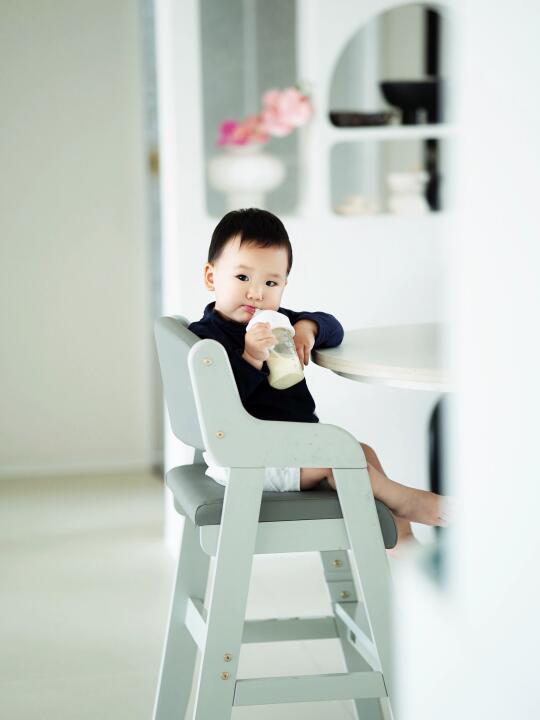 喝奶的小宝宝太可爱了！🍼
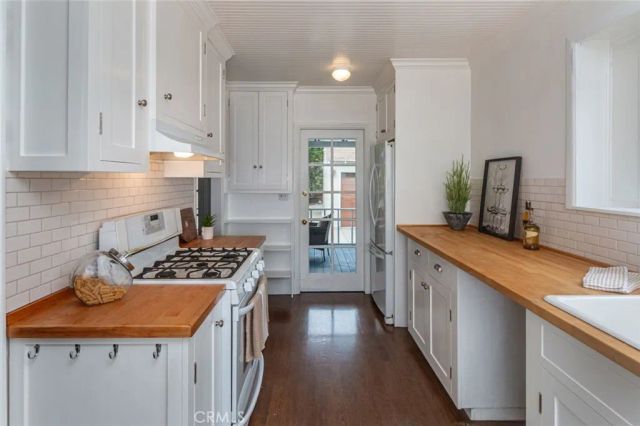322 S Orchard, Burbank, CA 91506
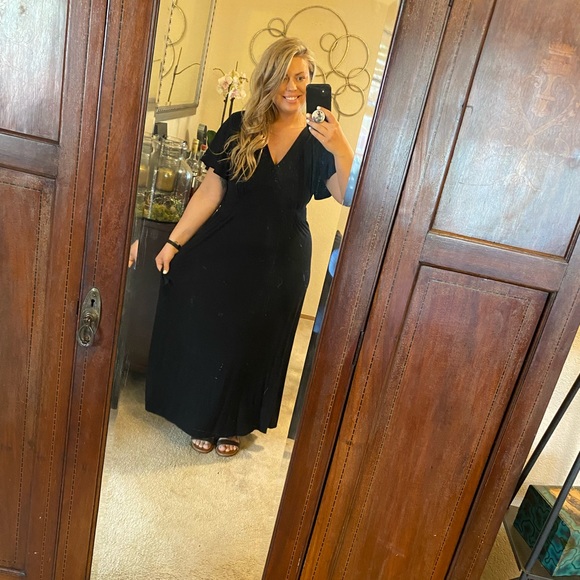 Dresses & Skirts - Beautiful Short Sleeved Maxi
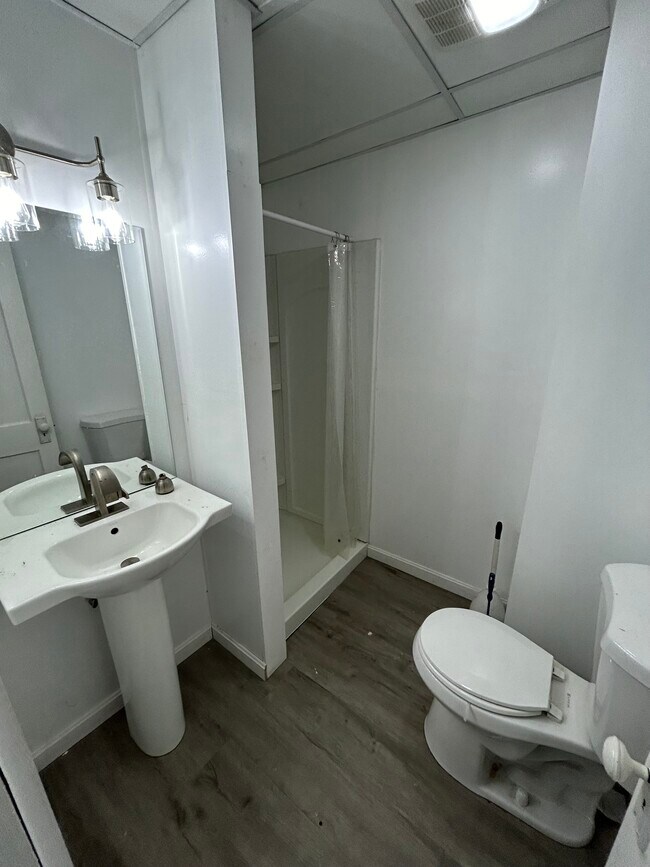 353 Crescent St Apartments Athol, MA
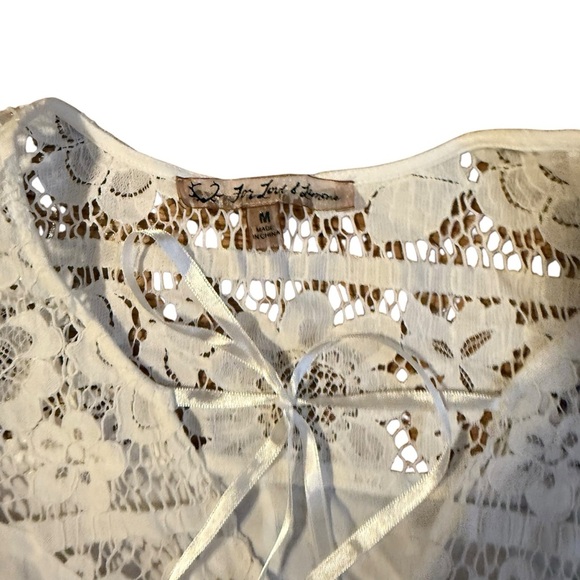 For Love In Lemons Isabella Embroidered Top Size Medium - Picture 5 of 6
------------
- **Instructions for the task**: Print every record above exactly, but no pictures.

- **Written response**:
 喝奶的小宝宝太可爱了！🍼
322 S Orchard, Burbank, CA 91506
 Dresses & Skirts - Beautiful Short Sleeved Maxi
 353 Crescent St Apartments Athol, MA
 For Love In Lemons Isabella Embroidered Top Size Medium - Picture 5 of 6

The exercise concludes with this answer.